# 2003 Prowler Lynx water damage



## parseneault (Sep 13, 2008)

While camping last week, I was approached by a fellow 2003 Prowler Lynx owner. He asked me if I had had my water damage repaired yet due to a wheel well leak. I had never met this man before and asked him to explain. He said he and his wife have the same model and had to have approximately 6 inches cut off all the way around their trailer and had to have the entire floor ripped out and repaired due to a wheel well leak. He said that it is a common problem in this model and that there is a class action lawsuit against Fleetwood because of this issue. Well, my unit does have water damage and I have searched high and low trying to find the source of the leak. I have never felt wet carpeting or linoleum and have had no luck finding where the water is coming from. This man said that is exactly what happened with his. 

Needless to say, I have been trying to find information about this problem and the lawsuit. I love my unit and would like to get the problem fixed, but if there is a common issue and a lawsuit over this issue, I certainly want to be aware of it before I pay $$$ to get it fixed on my own.

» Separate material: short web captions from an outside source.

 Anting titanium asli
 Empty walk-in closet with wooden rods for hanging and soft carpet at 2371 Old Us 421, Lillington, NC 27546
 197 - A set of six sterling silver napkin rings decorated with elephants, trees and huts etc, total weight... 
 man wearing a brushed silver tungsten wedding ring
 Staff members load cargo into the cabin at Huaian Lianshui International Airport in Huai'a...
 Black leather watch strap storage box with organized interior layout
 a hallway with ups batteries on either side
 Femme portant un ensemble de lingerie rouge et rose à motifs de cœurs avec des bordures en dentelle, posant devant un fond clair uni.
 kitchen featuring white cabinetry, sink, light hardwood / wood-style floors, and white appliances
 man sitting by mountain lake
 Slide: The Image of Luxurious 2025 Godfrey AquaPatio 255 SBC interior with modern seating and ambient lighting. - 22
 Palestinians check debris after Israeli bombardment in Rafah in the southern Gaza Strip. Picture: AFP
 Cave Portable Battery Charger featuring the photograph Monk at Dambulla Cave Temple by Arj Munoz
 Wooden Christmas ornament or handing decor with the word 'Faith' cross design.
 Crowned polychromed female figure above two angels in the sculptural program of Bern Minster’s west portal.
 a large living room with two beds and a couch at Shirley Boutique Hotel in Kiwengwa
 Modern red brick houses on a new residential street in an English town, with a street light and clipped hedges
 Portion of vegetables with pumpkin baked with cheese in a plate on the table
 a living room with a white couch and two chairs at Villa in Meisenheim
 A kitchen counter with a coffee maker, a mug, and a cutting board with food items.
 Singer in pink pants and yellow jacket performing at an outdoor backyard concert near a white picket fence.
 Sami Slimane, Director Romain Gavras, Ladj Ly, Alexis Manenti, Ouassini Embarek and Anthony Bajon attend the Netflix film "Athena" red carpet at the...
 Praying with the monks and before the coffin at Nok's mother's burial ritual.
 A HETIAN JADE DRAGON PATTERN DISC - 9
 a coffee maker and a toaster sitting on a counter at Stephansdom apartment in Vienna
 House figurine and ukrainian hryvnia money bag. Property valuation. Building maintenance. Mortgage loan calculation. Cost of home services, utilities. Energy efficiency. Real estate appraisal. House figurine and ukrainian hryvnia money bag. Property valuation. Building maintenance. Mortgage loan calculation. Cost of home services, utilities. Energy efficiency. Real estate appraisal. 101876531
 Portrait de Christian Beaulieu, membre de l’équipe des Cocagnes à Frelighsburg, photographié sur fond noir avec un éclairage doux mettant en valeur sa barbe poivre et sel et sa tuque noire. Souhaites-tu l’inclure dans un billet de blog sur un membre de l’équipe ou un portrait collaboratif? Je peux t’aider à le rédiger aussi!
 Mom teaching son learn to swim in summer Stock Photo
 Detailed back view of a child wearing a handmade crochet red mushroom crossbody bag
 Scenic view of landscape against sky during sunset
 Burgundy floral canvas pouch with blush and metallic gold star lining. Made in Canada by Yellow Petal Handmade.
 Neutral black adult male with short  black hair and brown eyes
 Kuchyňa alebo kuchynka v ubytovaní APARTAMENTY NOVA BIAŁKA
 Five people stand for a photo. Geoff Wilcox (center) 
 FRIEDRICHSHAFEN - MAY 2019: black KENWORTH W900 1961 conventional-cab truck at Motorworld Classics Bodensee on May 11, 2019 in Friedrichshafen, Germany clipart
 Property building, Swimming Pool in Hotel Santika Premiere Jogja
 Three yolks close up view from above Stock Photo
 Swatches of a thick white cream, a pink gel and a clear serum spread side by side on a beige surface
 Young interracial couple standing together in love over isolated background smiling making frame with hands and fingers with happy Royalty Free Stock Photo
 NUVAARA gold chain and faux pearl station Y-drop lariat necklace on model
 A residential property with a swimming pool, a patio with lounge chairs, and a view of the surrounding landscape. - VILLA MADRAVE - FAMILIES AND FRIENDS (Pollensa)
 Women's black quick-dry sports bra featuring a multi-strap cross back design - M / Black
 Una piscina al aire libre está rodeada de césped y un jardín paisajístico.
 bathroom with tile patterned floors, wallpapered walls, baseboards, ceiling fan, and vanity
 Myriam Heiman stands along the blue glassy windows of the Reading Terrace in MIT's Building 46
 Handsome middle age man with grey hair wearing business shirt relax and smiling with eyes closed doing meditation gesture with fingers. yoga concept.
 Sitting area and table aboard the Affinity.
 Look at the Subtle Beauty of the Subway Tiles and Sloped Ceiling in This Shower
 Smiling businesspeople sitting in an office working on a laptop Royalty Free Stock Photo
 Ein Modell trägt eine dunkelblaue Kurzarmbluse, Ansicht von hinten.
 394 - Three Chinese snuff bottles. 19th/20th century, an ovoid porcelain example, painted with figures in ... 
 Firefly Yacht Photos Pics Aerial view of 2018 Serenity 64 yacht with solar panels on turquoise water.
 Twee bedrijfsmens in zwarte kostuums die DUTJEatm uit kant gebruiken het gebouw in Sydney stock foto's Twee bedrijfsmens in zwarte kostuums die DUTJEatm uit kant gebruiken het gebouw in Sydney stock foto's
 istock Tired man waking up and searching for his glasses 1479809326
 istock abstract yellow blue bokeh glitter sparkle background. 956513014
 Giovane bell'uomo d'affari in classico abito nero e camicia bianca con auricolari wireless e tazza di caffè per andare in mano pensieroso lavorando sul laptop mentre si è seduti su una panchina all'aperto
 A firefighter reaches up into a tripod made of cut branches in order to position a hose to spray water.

Anyone out there know anything about this? Thanks!


----------



## Grandview Trailer Sa (Sep 13, 2008)

Re: 2003 Prowler Lynx water damage

Haven't we seen this before?  

Sorry, but if no one responded to your earlier post, we probably don't know anything about it.  I am not a Fleetwood dealer, but have not heard anything.


----------



## C Nash (Sep 13, 2008)

Re: 2003 Prowler Lynx water damage

Did the fellow camper not tell you how to get in on the lawsuit?  try to locate who he is and get the info.  Might also try the BBB.


----------



## C Nash (Sep 13, 2008)

Re: 2003 Prowler Lynx water damage

Might try searching this site http://classaction.findlaw.com/recall/mv/nhtsa1/files/1998/pr100698.html


----------



## parseneault (Sep 13, 2008)

Re: 2003 Prowler Lynx water damage

He said to check www.fleetwoodrv.com, which I did, but there's no information there.  I will check the BBB and also the class action lawsuit link you provided.  Thank you for your help!


----------